My latkes were originally inspired by this recipe from Gourmet magazine. But this particularly batch was part of dinner I made for a friend who, in addition to a list of other foods (corn, dairy, peanuts, sugar, and soy), is not eating eggs or gluten, both of which are part of my go-to recipe. What to do? Why, search the internet, of course. To my great relief, I found an answer in minutes: according to Murry Shohat, who provides a wonderful history as well as his grandmother’s latke recipe here, “[e]ggs were a luxury in the peasant shtetls and rarely were they available in sufficient numbers to find their way into latkes.” Whew! Not only was I relieved, I was totally enlightened. So interesting.

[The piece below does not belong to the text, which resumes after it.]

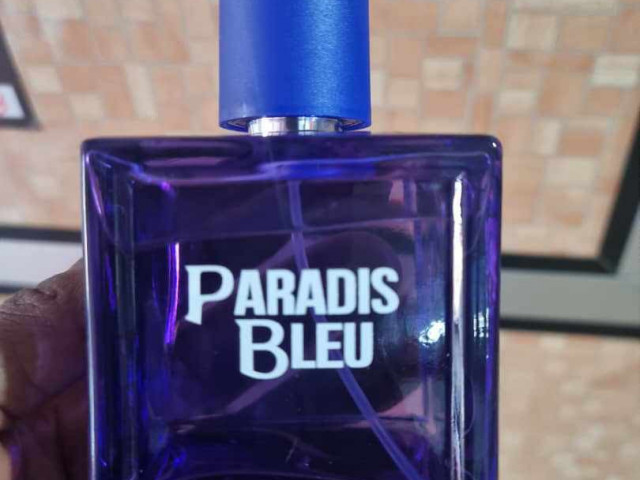 Différents Parfums, Parfumerie - Cosmétique, Conakry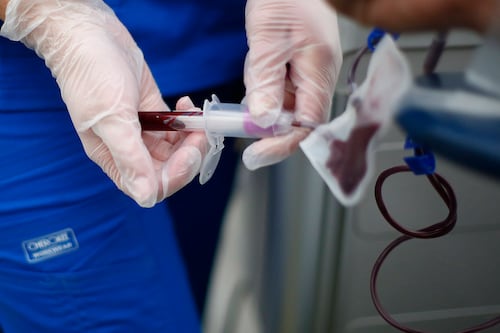 “Da rabia, da pena”: niña no pudo ser trasplantada por fallido traslado de hígado a Santiago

Of course, I still had to figure out the gluten issue. But I remembered that in the past I’ve used potato starch directly from the grated potatoes, as in this recipe from Martha Stewart.  Potato starch is a binder. Maybe that would work? It was worth a try. And, because I’m writing this after the fact, I can report that it worked out perfectly. Here’s the recipe.

1 celery root, trimmed
3-4 russet potatoes
1 vidalia (or other sweet) onion
salt and freshly ground pepper, to taste
canola or grapeseed oil

1. Peel the potatoes and grate, using either a box grater or the grating attachment of a food processor. Transfer to a mesh strainer set over a bowl and squeeze to extract liquid.

2. Grate the celery root and onion. Combine with drained potatoes in a large bowl.

3. Pour off the liquid that drained from the potatoes. Scrape the potato starch, which is the milky white paste at the bottom, into the potato, celery root, and onion mixture. Mix it all together, gently. Then add salt and pepper to taste. I generally add quite a bit of coarsely-ground pepper. And probably too much salt. (Next time I will start with 1-1/4 teaspoon of Kosher salt, tasting the first batch and adding more as needed. Martha Stewart’s recipe calls for 1 tablespoon.)

4. Heat 1/4″ oil at in a large cast iron or nonstick skillet over medium-high heat, until hot but not smoking. Drop the mixture into the skillet by rounded tablespoons or a 1/4-cup measure. Fry on each side anywhere from 2-5 minutes, until brown and crispy, but not too brown. Transfer to a paper-towel lined baking sheet to drain.

If you’re serving immediately, the latkes can be kept in the oven at 200 degrees. But I prefer to make ahead and freeze. That way I can clear the air–and the kitchen!–before guests arrive. When you’re ready to serve, just remove from the freezer and reheat at 300 for 10 minutes or so.

2 comments on “Potato and celery-root latkes

  1. Karen says:

    Do the latkes hold together without the egg? Seems like they would fall apart while cooking.